Suspension of Sentence after Rejection of Alternative Measure: An Interpretation of Cass. pen. no. 15683/2025

The ruling under review, issued by the First Criminal Section of the Court of Cassation on March 28, 2025 (filed April 22, 2025), addresses a crucial issue for defense practice: the relationship between the suspension of sentence execution under art. 656 c.p.p. and the subsequent (potential) suspension provided for by art. 1 of Law no. 199 of November 26, 2010. The case arose from the appeal of B. S., to whom the Supervisory Court had denied an alternative measure, after the execution had already been suspended by the Public Prosecutor's Office pursuant to the aforementioned art. 656. The Court of Appeal of Milan had rejected the request, and the Supreme Court confirms: a "second chance" of automatic suspension is not possible.

The Regulatory Framework: Art. 656 c.p.p. and Law 199/2010

Art. 656 c.p.p. allows the Public Prosecutor to suspend the execution order for short prison sentences, pending the convicted person's request for an alternative measure (probation, ordinary home detention, semi-liberty). Law no. 199/2010, enacted to address prison overcrowding, introduces instead "extended" home detention for sentences up to 18 months, providing for the automatic suspension of the committal order if certain objective and subjective requirements are met.

  • Remaining sentence up to 18 months;
  • Absence of convictions for prohibitive crimes under art. 4-bis O.P.;
  • Non-social dangerousness of the convicted person;
  • Suitability of the indicated domicile.

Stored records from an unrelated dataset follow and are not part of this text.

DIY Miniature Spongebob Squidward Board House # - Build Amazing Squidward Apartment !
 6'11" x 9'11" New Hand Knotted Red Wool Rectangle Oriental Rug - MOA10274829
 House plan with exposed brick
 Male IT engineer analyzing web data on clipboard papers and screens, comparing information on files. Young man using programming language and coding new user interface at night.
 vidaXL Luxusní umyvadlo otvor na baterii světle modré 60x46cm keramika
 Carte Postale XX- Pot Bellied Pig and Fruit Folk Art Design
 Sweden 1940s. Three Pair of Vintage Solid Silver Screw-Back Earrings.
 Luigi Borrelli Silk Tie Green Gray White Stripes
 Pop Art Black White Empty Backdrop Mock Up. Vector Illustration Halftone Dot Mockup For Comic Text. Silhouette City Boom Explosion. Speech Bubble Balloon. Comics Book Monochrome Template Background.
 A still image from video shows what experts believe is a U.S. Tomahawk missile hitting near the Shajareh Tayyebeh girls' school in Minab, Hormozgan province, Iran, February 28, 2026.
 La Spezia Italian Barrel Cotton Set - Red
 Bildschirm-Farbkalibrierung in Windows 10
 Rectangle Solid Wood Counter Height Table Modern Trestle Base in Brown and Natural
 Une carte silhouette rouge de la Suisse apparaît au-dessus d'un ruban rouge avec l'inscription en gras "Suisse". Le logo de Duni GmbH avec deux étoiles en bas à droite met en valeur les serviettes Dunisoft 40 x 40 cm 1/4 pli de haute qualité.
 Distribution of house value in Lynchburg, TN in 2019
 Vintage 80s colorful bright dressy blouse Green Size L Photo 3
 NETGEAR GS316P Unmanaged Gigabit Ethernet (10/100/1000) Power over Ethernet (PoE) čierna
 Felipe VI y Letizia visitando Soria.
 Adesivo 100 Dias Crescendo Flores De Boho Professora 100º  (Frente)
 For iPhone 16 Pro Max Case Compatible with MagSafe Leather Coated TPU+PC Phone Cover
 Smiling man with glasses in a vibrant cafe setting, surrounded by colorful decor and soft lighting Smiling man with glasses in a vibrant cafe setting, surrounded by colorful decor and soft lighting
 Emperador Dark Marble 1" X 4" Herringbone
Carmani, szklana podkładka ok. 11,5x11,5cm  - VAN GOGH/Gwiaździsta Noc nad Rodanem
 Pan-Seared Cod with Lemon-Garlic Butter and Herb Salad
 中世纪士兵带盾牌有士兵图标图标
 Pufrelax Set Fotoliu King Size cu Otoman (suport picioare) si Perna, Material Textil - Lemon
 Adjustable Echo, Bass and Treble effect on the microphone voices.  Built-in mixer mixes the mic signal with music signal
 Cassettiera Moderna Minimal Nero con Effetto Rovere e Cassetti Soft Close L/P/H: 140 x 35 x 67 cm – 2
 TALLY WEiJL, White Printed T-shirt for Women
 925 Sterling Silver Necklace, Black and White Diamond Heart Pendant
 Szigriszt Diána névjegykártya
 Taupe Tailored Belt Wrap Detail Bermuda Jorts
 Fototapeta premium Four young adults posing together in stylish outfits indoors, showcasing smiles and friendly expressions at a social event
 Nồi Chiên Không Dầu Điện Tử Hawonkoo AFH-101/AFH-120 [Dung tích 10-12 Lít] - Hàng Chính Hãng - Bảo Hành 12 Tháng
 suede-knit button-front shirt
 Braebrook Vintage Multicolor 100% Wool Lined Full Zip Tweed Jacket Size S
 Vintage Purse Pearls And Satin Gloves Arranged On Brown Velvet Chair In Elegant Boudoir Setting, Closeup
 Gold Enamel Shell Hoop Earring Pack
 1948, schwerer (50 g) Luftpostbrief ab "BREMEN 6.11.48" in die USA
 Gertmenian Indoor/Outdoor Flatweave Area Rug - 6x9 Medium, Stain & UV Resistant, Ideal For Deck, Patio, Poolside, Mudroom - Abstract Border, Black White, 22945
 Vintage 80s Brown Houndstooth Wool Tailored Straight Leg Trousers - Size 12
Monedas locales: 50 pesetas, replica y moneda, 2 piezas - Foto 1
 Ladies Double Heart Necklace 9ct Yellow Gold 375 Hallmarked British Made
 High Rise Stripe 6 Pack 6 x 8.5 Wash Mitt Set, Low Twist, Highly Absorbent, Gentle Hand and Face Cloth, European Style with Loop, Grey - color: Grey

The legislator's intent is different: while art. 656 c.p.p. protects the convicted person's right to request alternative measures, Law 199/2010 aims to reduce the prison population with an emergency measure. Ruling no. 15683/2025 falls precisely at the intersection of these provisions.

A convicted person who, after benefiting from the suspension of sentence execution under art. 656 of the Code of Criminal Procedure, has had their request for an alternative measure to detention rejected by the supervisory court, cannot avail themselves of a further suspension of execution under art. 1 of Law no. 199 of November 26, 2010.

The ruling, clear in itself, excludes the layering of the two suspensions: once the "window" of art. 656 has been exhausted – culminating in rejection by the supervisory court – the convicted person must immediately execute the sentence. Otherwise, a coercive vacuum incompatible with the principle of certainty of punishment (art. 27 of the Constitution) would be created.

Court's Arguments and Consistent Precedents

The Panel refers to precedents no. 25039/2012 and no. 47859/2012, as well as decisions from 2019 and 2020 that had already established the same line, emphasizing that:

  • the suspension under art. 656 c.p.p. is aimed at submitting a request for an alternative measure;
  • the rejection of such request constitutes an updated assessment regarding the absence of merit prerequisites;
  • art. 1 of Law 199/2010 cannot overturn the negative judgment just expressed, under penalty of an unreasonable extension of execution times.

The Court further emphasizes that Law 199/2010 grants the supervisory judge the verification in the execution phase, but does not intervene on the negative judgment already formed on the alternative request. For this reason, anyone who has exhausted – unsuccessfully – the procedure under art. 656 is precluded from any further automatic suspension.

Practical Implications for Defense

In light of this ruling, the defense counsel must:

  • Assess with extreme accuracy the existence of the requirements for the alternative measure before requesting the suspension under art. 656 c.p.p.;
  • Punctually document elements of adherence to treatment, avoiding rejections that would preclude any subsequent suspension;
  • Examine alternative avenues, such as the request for optional deferral under art. 147 c.p., where serious health reasons exist.

Conclusions

With ruling no. 15683/2025, the Court of Cassation consolidates a rigorous approach to criminal execution: a second suspension of the committal order after the failure of the procedure under art. 656 c.p.p. is not admissible. The message is clear: defense strategy must focus on a timely and well-argued request for alternative measures, as "double suspensions" have no place in the current legal system.